» **The task**
Below is a listing; restate from it, character for character, the lines beginning at the line holding "UVMacbook36x25_ClassicPolkaLoveBrown" and ending at the line holding "广东叛逆孩子教育学校,乐成教育招生电话14758970750", both included.
......
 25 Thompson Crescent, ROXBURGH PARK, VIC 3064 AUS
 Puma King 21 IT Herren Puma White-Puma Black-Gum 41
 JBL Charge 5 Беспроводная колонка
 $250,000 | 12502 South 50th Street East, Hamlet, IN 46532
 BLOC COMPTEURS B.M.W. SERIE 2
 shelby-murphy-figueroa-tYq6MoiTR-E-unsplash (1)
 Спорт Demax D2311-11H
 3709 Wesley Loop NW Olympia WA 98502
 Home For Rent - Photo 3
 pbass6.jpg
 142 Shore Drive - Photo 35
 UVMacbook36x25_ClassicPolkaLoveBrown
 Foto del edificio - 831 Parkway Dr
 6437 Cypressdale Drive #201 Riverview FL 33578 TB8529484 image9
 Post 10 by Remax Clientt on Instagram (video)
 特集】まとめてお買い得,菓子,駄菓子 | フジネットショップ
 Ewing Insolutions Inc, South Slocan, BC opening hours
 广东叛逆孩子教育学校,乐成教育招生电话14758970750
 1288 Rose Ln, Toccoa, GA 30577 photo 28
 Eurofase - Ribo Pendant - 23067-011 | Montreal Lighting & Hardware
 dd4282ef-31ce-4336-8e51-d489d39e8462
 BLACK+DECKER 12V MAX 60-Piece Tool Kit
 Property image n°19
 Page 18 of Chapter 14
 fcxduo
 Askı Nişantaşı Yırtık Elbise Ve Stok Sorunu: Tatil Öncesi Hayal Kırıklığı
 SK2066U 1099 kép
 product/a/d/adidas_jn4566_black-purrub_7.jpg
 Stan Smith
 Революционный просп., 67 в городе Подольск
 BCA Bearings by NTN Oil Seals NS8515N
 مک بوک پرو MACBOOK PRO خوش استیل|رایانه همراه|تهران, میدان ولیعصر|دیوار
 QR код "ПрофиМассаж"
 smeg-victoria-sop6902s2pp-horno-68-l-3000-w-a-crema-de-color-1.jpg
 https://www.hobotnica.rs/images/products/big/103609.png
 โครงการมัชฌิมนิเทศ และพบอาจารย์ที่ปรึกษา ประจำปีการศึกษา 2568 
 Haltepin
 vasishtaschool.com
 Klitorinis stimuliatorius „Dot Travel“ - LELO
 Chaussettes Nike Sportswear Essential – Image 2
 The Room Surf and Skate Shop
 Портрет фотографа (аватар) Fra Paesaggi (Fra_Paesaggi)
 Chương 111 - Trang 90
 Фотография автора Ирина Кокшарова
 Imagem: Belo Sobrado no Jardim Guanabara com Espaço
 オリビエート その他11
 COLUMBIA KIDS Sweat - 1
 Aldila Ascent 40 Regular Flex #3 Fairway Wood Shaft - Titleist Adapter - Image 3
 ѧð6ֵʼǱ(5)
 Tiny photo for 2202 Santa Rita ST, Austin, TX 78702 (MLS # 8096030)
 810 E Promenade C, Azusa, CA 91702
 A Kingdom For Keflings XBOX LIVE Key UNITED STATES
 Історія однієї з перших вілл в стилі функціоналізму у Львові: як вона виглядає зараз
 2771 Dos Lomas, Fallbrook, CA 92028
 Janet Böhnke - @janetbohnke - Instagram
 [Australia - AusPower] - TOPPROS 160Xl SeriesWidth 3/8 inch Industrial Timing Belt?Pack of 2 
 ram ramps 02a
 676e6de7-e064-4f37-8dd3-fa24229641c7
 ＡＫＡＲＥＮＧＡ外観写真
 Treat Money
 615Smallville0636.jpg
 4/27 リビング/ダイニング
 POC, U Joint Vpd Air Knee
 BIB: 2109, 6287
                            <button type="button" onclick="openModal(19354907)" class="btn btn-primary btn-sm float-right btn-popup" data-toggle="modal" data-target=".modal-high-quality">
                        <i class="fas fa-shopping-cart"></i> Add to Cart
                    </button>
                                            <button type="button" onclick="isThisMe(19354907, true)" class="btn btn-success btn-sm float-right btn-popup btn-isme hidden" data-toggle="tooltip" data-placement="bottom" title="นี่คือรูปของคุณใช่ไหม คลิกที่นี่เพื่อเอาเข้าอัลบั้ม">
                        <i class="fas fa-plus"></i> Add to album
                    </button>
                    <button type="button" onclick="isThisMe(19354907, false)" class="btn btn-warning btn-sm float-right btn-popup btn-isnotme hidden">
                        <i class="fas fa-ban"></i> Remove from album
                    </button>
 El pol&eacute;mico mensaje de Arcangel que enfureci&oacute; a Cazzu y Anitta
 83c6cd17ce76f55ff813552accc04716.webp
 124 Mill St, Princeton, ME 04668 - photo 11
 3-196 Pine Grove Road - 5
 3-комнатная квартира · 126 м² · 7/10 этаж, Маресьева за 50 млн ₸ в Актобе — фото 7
......
» **Answer**
 UVMacbook36x25_ClassicPolkaLoveBrown
 Foto del edificio - 831 Parkway Dr
 6437 Cypressdale Drive #201 Riverview FL 33578 TB8529484 image9
 Post 10 by Remax Clientt on Instagram (video)
 特集】まとめてお買い得,菓子,駄菓子 | フジネットショップ
 Ewing Insolutions Inc, South Slocan, BC opening hours
 广东叛逆孩子教育学校,乐成教育招生电话14758970750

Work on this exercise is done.